Puny_T-Rex_Arms said:


> Be careful with this word _addiction_... most people are addicted to their phones, which one could argue also interferes in relationships in a big way.


Phones do interfere with relationships. No argument there. 

Porn can be an addiction that interferes with normal sexual relations.


----------



## Puny_T-Rex_Arms (Apr 20, 2017)

> You seem very unsure about what you have the right to ask for in marriage.


WOW. Lady, there are no "rights" in marriage. People can and will do whatever they want. The word _rights_ is just a nice word in the real world.


----------



## TheTruthHurts (Oct 1, 2015)

EleGirl said:


> It is not true that most wives are not ready and willing to have sex with their husband. Perpetuating this stereo type does not help anyone.
> 
> 
> 
> About as many men chose to make their marriages sexless, or near sexless, as women do.




Telling the truth is very important. It is not a stereotype and I was talking from my personal experience and the experience of a majority of men I know and on TAM. 

Your opinion is exactly that - your opinion. My opinion is exactly that - my opinion. What doesn't help is dismissing other TAM members views. What does help is expressing your own.

OP there is much more to this than just watching porn. Many men see things in porn that arouse them that they don't see in their home. I'll give you an example.

Last night I went downstairs to watch porn.

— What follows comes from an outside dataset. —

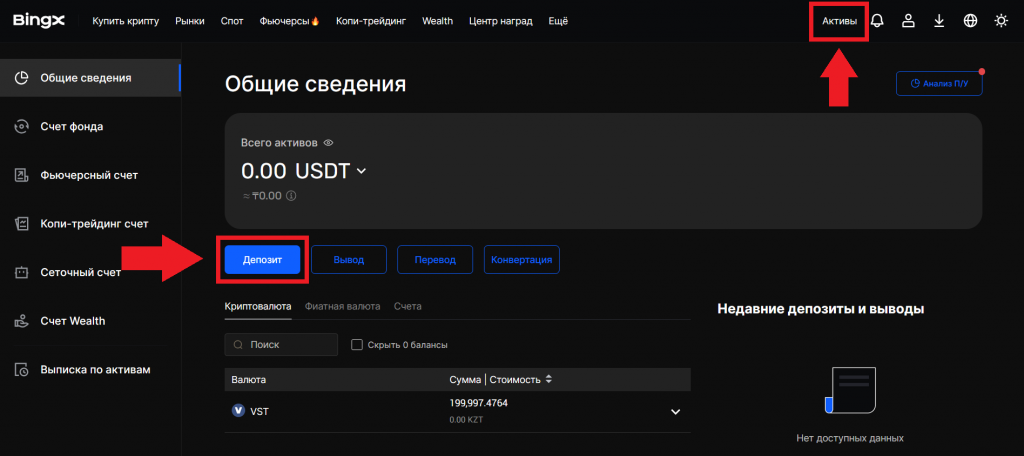 Кошелек пользователя на сайте BingX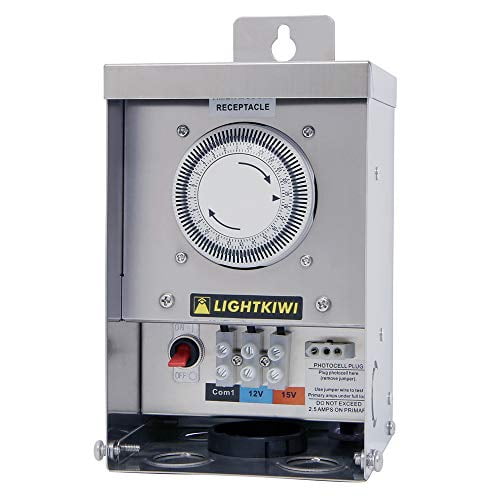 Lightkiwi U2184 75 Watt Heavy-Duty Stainless Steel (12V-15V) Multi-Tap Low Voltage Transformer for Landscape Lighting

I did it to get aroused because we had a busy day, kids were still up and around, and I wanted to enjoy sex with my W. She called down to me and wanted to take out the trash etc so I said ok. A long time passed... frankly the porn was boring but I waited and finally went to bed. W was asleep. She snap chatted me (didn't see it) saying she was going to put away the laundry but collapsed instead. Anyway she woke up and got ready and we played. But even though I'm sure she felt it was fine, I never got ramped up... got to look at her and get aroused... got to touch and get started. Instead life got in the way and we started quickly. So where does porn fit in? It gives me what I need that my w can't give me. She simply can't / won't spend the time I need.

That's what I mean by many W's aren't ready and willing - I mean to fully meet our needs. It's exactly the same as men who can't or won't spend the time for adequate foreplay. You can't always complain about everything being perfect, but sexuality is complicated.

Your H sounds like he is too distant to be able to talk about this though - hopefully you can bring this up over time and get him more engaged


Sent from my iPhone using Tapatalk


----------



## TheTruthHurts (Oct 1, 2015)

Btw I'd much rather get aroused by my w but she would never be able to allow herself to express sexuality so freely - you are different and are willing to dress up and tease and play around before sex I am assuming. If that's the case then it may be that he still feels the need to be aroused and ready so he can meet expectations he believes you may have. I think a lot of men feel pressure to be ready to perform 


Sent from my iPhone using Tapatalk


----------



## anonmd (Oct 23, 2014)

So, I scanned through the thread and there seems to be some missing information. How often are you trying to get sex and being turned down? If it is 4,5, 6 times per week and he goes along what - 1 or 2 times per month? That is one issue, refer to the posts on porn addiction I suppose. 

If you are making your needs known 1-4 times per month then that is a whole different analysis because you are not 'readily available'. Ignore all advice about porn addiction, it probably does not apply. 

If you all fall somewhere in between then explanations probably fall somewhere in between as well. 

Most men under say 45 or a little older with 'normal' sex drives will be ejaculating at least 3 if not more times a week. The question is, is it via you or porn or mental movies. For most men 'you' is the most desirable choice, but is that an option here?


----------



## EleGirl (Dec 3, 2011)

chillymorn69 said:


> while I don't dispute that there are wives who are in relationships where the husband is the cause of their sexless marriage. Out of all my male friends that are married everyone says its an issue. I am not so sure its a stereotype.


A few things to consider.

I was married to a man who refused to have any sex at all for 7 years. It's one of the main reasons that I divorced him as soon as I could. While he chose to not have sex, guess what he told his buddies? When the guys would get around and ***** about their wives, he would go on talking about how his with was a cold fish withholding sex. It was his excuse for cheating too.

What did I learn about that? That just because a man tells his buddies that his wife does not want sex, it does not mean that he's telling the truth. After all what is he going to tell his buddies? "I don't want sex with my wife so I have willingly not had sex in years?" Nope, he's going to join all the other guys in the great male bonding experience of complaining about their wives being cold fishes.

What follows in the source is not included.